Wednesday, 9 May 2012

How to Miss a Marriage

Shalom:
I read on another blog about an articled entitled, How to Miss a Childhood. I then found said article on a friend's facbook's page.
The author speaks how many parents are losing out on their children's childhood because of the time they spend on the cell-phone and not spending with their children.
I am including the article because it is a great read.
But it got me thinking.....
When my son Aries was growing up, even when I was a child, there were no cell-phones
I never walked down the grocery aisles with Aries sitting in the shopping cart, pulling stuff off the selves as I talk to my girl on a cell-phone. Aries never had to ask me to push him on the swing as I had an fuss with his step-dad on the telly. Nor did he ever have to ask me when is dinner five times and get yelled at because I was answering a text.
Yes, I was supermum; I waited until Aries was tugged into bed before burning the phone lines. But there were those times I did get upset because I had to pull away from All My Children because Aries dared to be hungry.

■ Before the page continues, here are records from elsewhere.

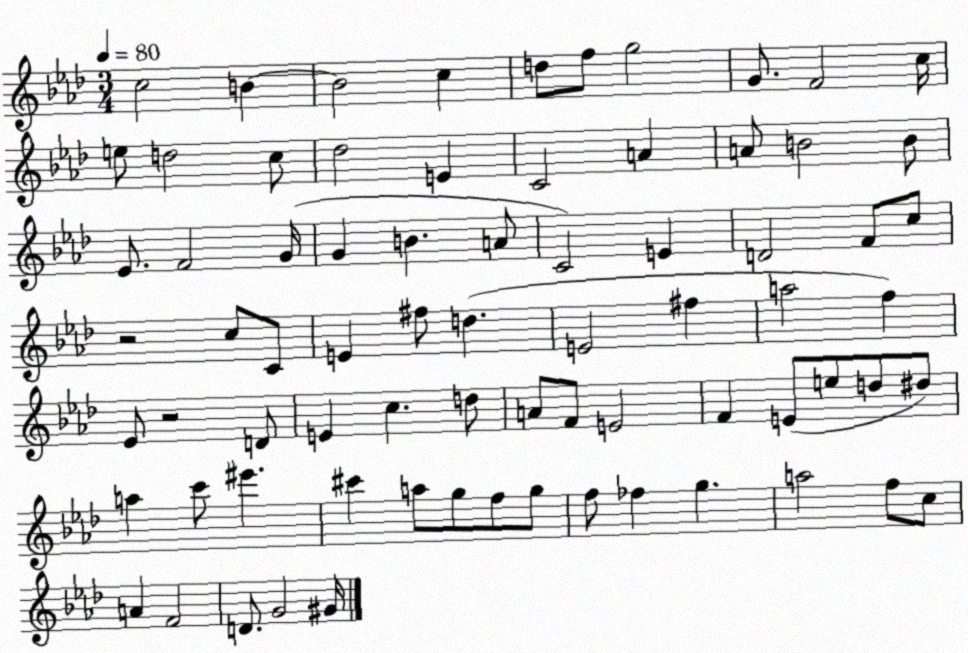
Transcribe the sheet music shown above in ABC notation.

X:1
T:Untitled
M:3/4
L:1/4
K:Ab
c2 B B2 c d/2 f/2 g2 G/2 F2 c/4 e/2 d2 c/2 _d2 E C2 A A/2 B2 B/2 _E/2 F2 G/4 G B A/2 C2 E D2 F/2 c/2 z2 c/2 C/2 E ^f/2 d E2 ^f a2 f _E/2 z2 D/2 E c d/2 A/2 F/2 E2 F E/2 e/2 d/2 ^d/2 a c'/2 ^e' ^c' a/2 g/2 f/2 g/2 f/2 _f g a2 f/2 c/2 A F2 D/2 G2 ^G/4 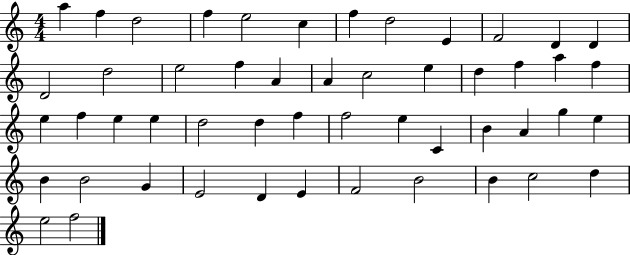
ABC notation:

X:1
T:Untitled
M:4/4
L:1/4
K:C
a f d2 f e2 c f d2 E F2 D D D2 d2 e2 f A A c2 e d f a f e f e e d2 d f f2 e C B A g e B B2 G E2 D E F2 B2 B c2 d e2 f2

In every generation, there is something, be it TV, cell-phones or facebook that grab our attention and not focus in that which is more important.
Our children.
Since Mark and I don't have children yet, it made me think about How to Miss a Marriage. How many amazing discussions did I miss out because I was chatting with a friend on fackbook? Or saying: "honey, give me five minutes to finish this e-mail," when Mark asked me to come to bed. How many hugs and kisses and cuddle moments were lost as I sat here at the laptop. How many walks in the park and pillow fights.
How many times have I served Mark a drink at his laptop and he took it without looking up at me. How many times have I felt Monti climbing up my leg for a bit of attention?
Does this happen a lot? No.
But frankly, it shouldn't happen at all.
Sadly, I admit snapping at Mark when I was writing a post for the blog last week and Mark kept asking me about Monti's bath.
Right after I snapped at my husband, I felt rotten. The post could wait. Husband and Montaque should never have to.
So we agreed that I have a set time to work on the blog and other writing projects while Mark does his job search.
And then, when we are both done, turn off the laptops and turn to each other.
And Monti.
Does this mean Mark and/or shouldn't have time to ourselves? Time with friends, whether on the TV or social media?  Of course we should. But not at the experience of our relationships with our spouses, with our children.